Certaines transactions, et notamment les acquisitions entre sociétés dont les chiffres d'affaires dépassent certains seuils, doivent être approuvées préalablement à leur mise en œuvre par des autorités de la concurrence. Il s'agit de l'obligation de notification.

Tant qu'une telle transaction n'est pas formellement approuvée, elle ne peut être mise en œuvre. Il s'agit de l'obligation dite de standstill. Concrètement, les entreprises concernées doivent continuer à se comporter comme des entreprises indépendantes jusqu'à ce que l'autorité de la concurrence donne son autorisation. L'acquéreur ne peut donc commencer à exercer le contrôle sur la société cible qu'après que l’acquisition ait été approuvée. Une violation de l'obligation de standstill (et/ou de l’obligation de notification) est appelée gun jumping. Cette dénomination imagée provient du monde de l’athlétisme, et reflète le cas dans lequel une entreprise s'élancerait des starting-blocks avant même que le coup de départ officiel (c'est-à-dire l'approbation) ne soit donné.

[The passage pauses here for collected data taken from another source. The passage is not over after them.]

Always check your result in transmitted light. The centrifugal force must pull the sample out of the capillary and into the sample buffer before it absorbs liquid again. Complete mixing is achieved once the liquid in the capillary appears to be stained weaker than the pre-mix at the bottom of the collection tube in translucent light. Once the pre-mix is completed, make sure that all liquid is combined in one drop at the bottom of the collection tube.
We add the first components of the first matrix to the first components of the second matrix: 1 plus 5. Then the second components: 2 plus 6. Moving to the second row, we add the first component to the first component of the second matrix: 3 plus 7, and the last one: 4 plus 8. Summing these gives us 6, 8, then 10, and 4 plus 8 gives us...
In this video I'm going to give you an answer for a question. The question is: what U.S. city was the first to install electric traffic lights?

L'obligation de standstill n'empêche pas les entreprises de prendre les mesures nécessaires pour préparer et planifier la transaction en attendant cette approbation. Malheureusement, la distinction entre, d'une part, la préparation et, d'autre part, la planification et la mise en œuvre de la transaction, n'est pas toujours évidente.

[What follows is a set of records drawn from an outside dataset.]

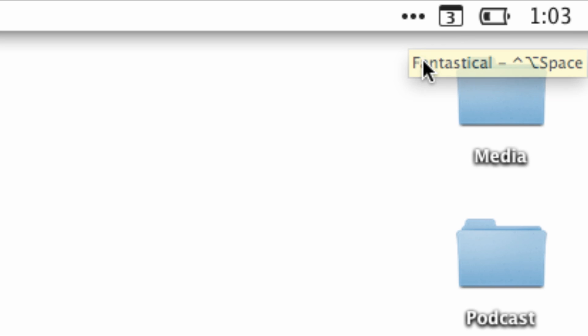Many of you guys have been asking the question, Jeff, how do you keep your menu bar so tidy? You can see I only have a few items here, just Fantastica, the battery icon, and the clock.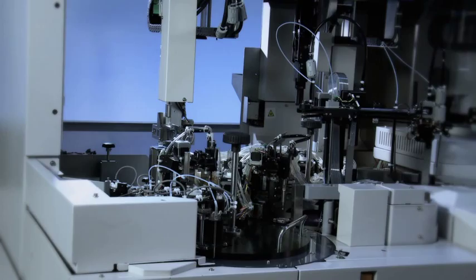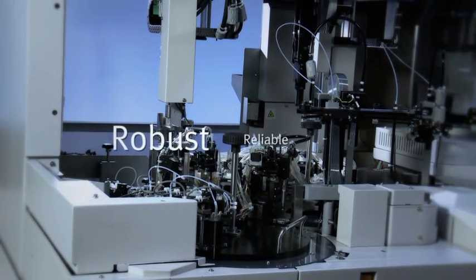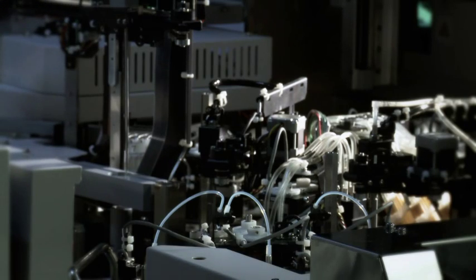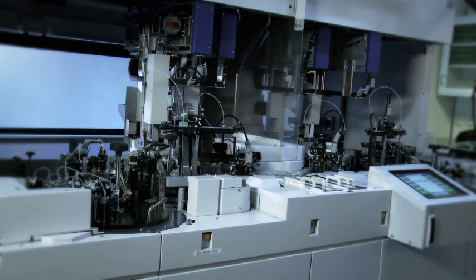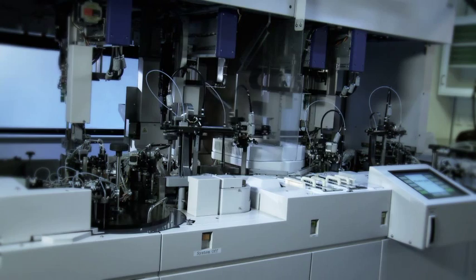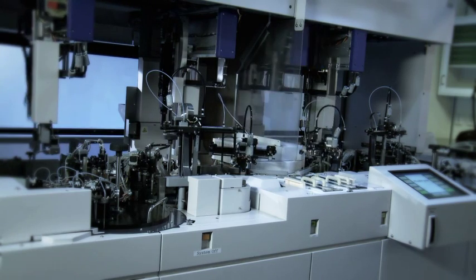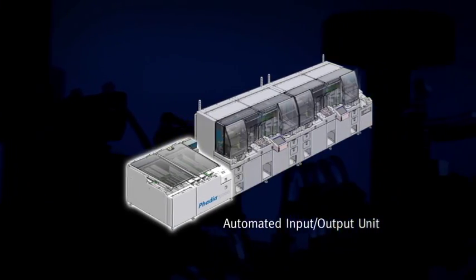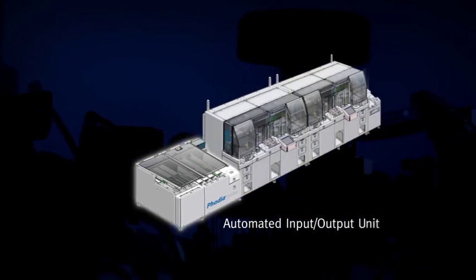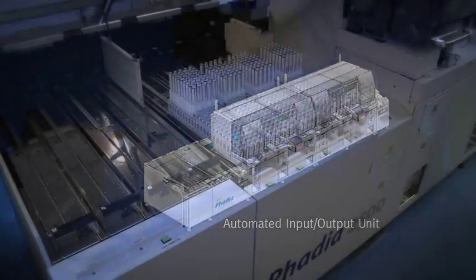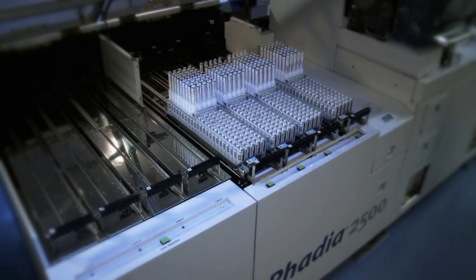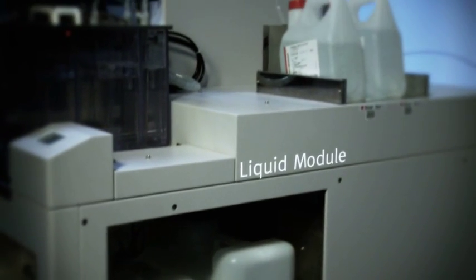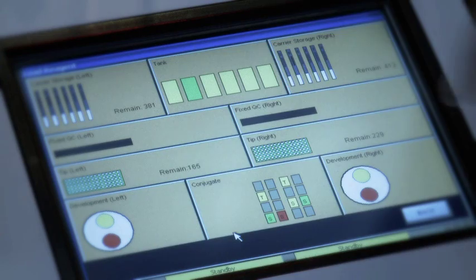FADIA 2500 and FADIA 5000 are robust and reliable, based on a proven technology commonly recognized as the gold standard today. To improve workflow and minimize hands-on time even more, we've added some new features. An automated sample input-output unit handles all your sample racks and also simplifies loading of many reagents. A liquid module will automatically prepare, distribute, and monitor the levels of washing solution.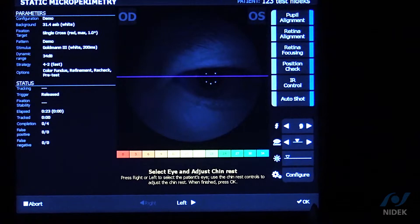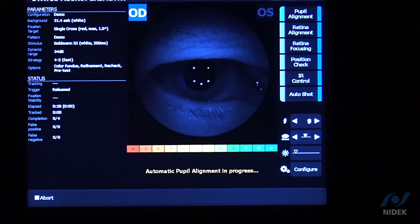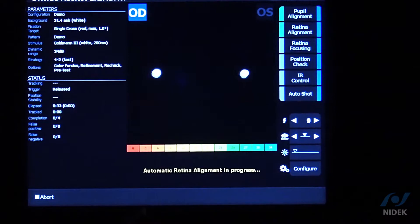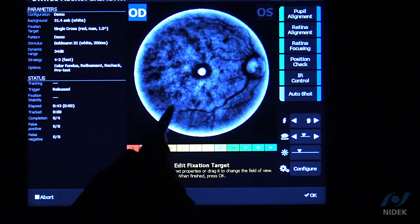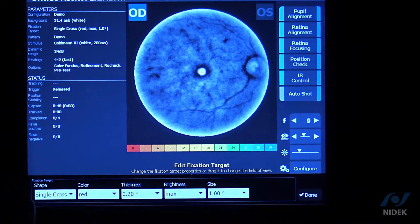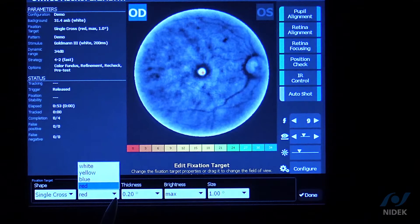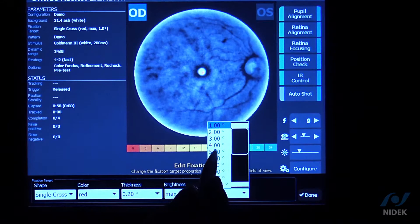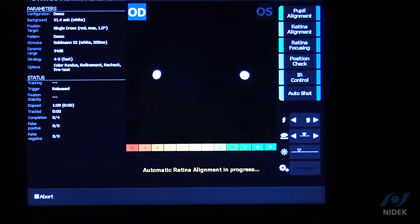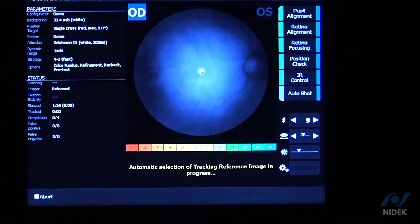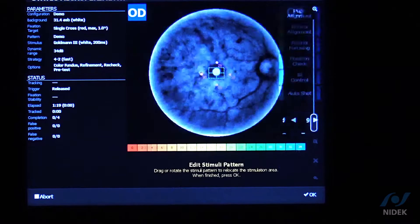Select OK and have the patient open as wide as they can, because we want to see those six white focusing dots. We're going to focus onto the retina using infrared light. At this point I can move the fixation target — if the patient can't see it, we can change the size and shape under Configure. Clicking Configure lets you change the shape to a circle, four crosses, or four lines; change the color, thickness, brightness, and size. For example, selecting five degrees makes the fixation target larger for the patient. Once finished, click Done and then OK. At that point we look for a tracking reference — the MP3 utilizes the whole 45-degree infrared fundus image as the tracking reference.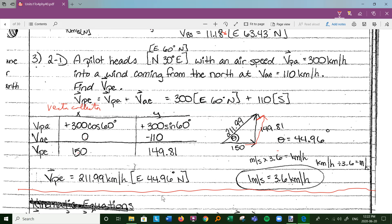There are practice sheets on vectors that will help you get better. Kinematic equations — we'll get to that next time. Have fun.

L'obligation de standstill n'empêche pas l'acquéreur d'obtenir un certain nombre de droits relatifs à la conduite de la société cible entre la signature des documents de la transaction (signing) et le transfert de propriété de la société cible (closing). Toutefois, ces droits ne peuvent pas pas être trop étendus. Récemment, le Tribunal de l'Union Européenne a confirmé que l'acheteur ne peut exercer une influence décisive sur la société cible avant l'approbation de la transaction que dans la mesure où c’est strictement limité à ce qui est nécessaire pour sauvegarder la valeur ou (et c'est une nouveauté) l'intégrité de la société cible.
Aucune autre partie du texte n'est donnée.